Mrs. Syedova is an English teacher in the Ukrainian village of Lyubar, where she met U.S. Rep. Marcy Kaptur (D., Toledo) when a northwest Ohio group visited there. Yesterday, she sat watching a classroom while waiting for the assembly.

“These people here [in Wauseon] send things to the Ukraine, and your Marcy Kaptur went with a group to take supplies for poor children there. I'm here to tell them thanks for all they do for those children,” Mrs. Syedova said. “Here, every class has computers and children know how to use them. We don't have that in Ukraine.”

The 15 students and their teachers are in northwest Ohio for a month through the Institute of Democratic Exchange, an educational project of the Great Lakes Consortium for International Training and Development.

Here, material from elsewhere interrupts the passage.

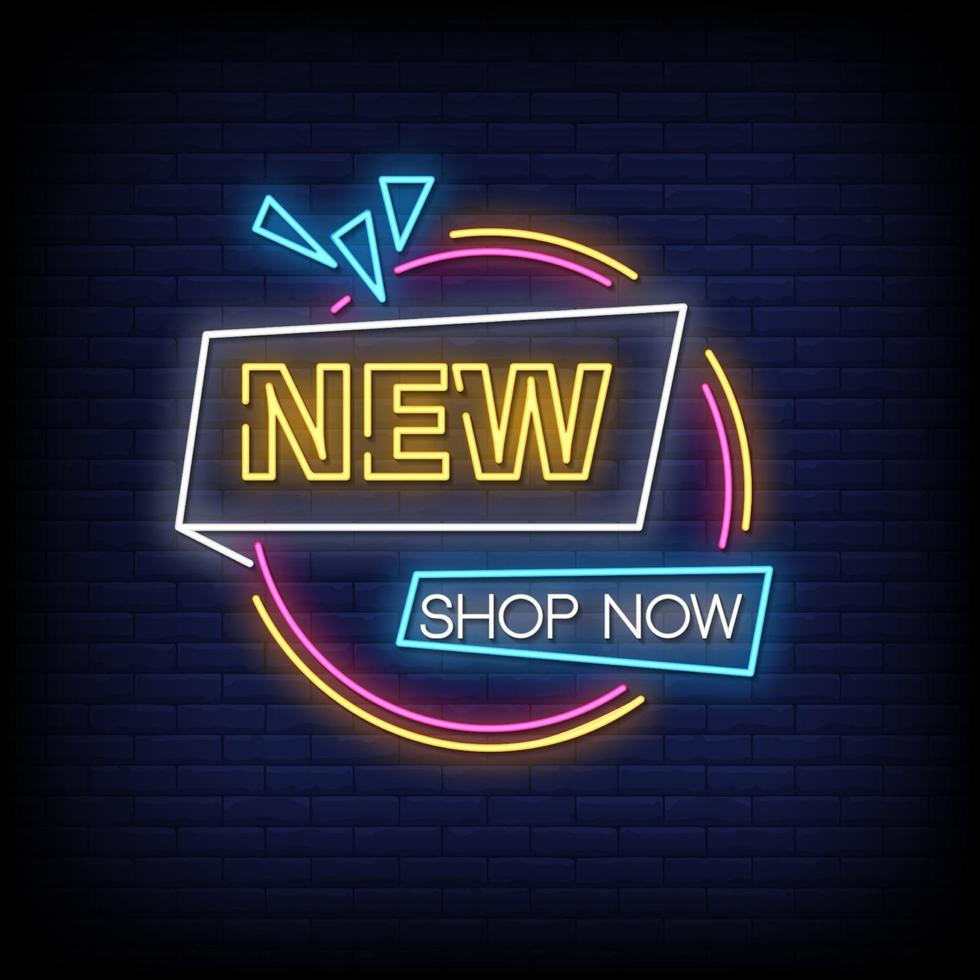 nieuwe winkel nu neonreclamestijl tekst vector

Coordination is by Phil Smith of Perrysburg, where the visitors stay in homes.

The express purpose of the U.S. trip is to sharpen English-speaking skills, said Edina Szollosy, a language teacher from Szeged, Hungary. “They all have studied it many years but they need to hear English spoken as a mother tongue,” she said.

“Yes, I've learned new words,” said Zsofia Baba, 13, a student at the Juhasz Gyula Practicum School in Szeged.

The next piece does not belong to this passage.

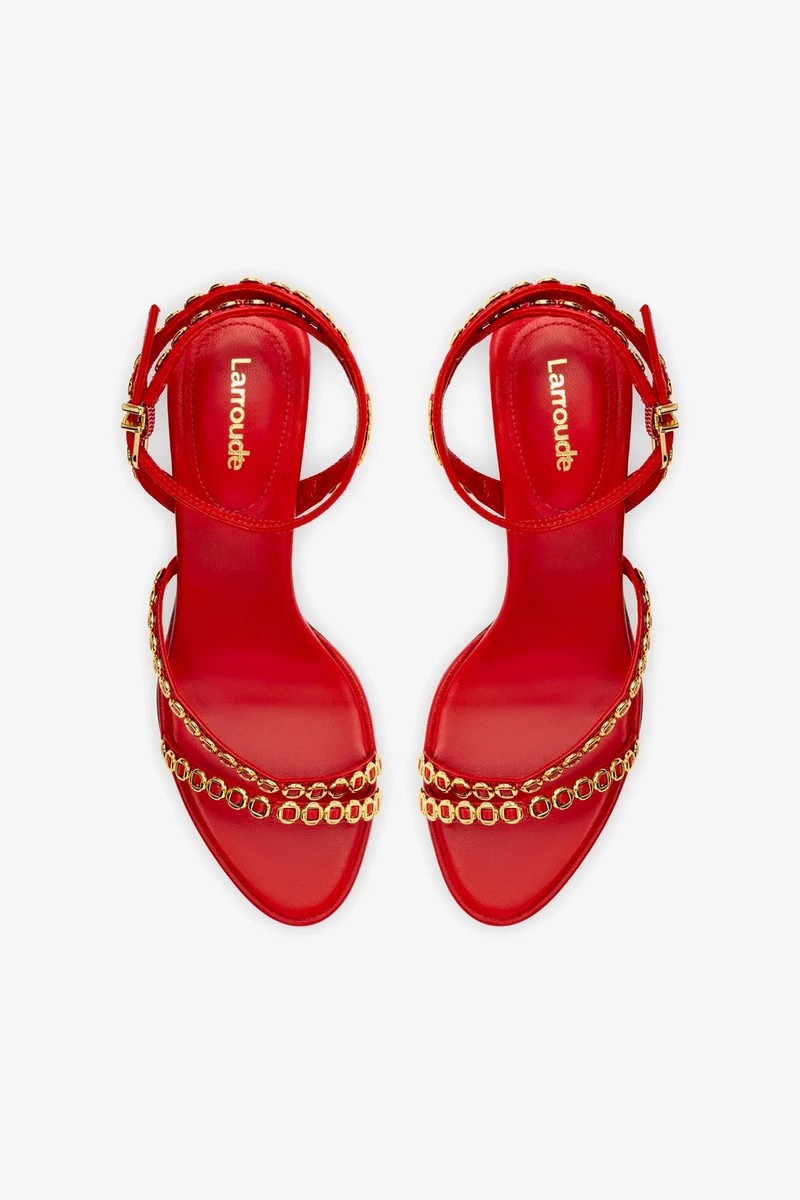 Milanina Mini Sandal In Scarlet Leather 3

“I've also learned about American life, food, and sports. American football, I like it. Halloween, yes, I will paint my face.”

Elm Street School fifth-grader Paige Stiriz was part of the assembly and hurried to spend class time with the visitors.

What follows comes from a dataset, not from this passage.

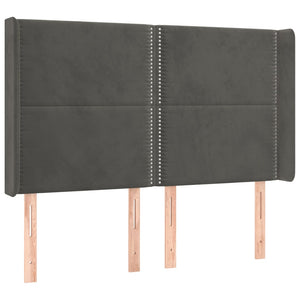 vidaXL Wingback Headboard Dark Grey 147x16x118/128 cm Velvet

“I really liked the dancing and I liked how people here could help them. I want to ask what sports they play and what they like to eat.”

Wauseon High School senior Jonathan Mondelli got reacquainted with Mrs. Syedova. She was a translator when Jonathan and others traveled with Miss Kaptur to the Ukraine in June.

He renewed memories of that adventure, he said, recalling visits to the towns of Lyubar and Burtyn.

“People there are very open but there is a huge difference in generations,” Jonathan said. “Older people, over 40, still think like when Ukraine was in the Soviet Union. They don't trust one another. They don't talk much to each other. Younger people have the leadership and organization skills.

“Ukrainian people were welcoming but we wondered why they trusted us more than they trusted each other,'' he said.

And life is rough in some Ukrainian villages.

“In Lyubar, there was no water for three days we were there because the village could not pay its bill,” Jonathan said. “Electricity is hard to find in some towns too.”

Miss Kaptur, whose Anastasia Fund benefits the needy in the Ukraine, invited Jonathan on the trip after they met at a Washington youth leadership conference.

Mrs. Franks presented the group with money collected in Wauseon, to help send students and teachers to Chicago and possibly Niagara Falls.

It's been that kind of welcome everywhere, Mrs. Syedova said.

“People here are very, very friendly,” she said. “We are at home here.”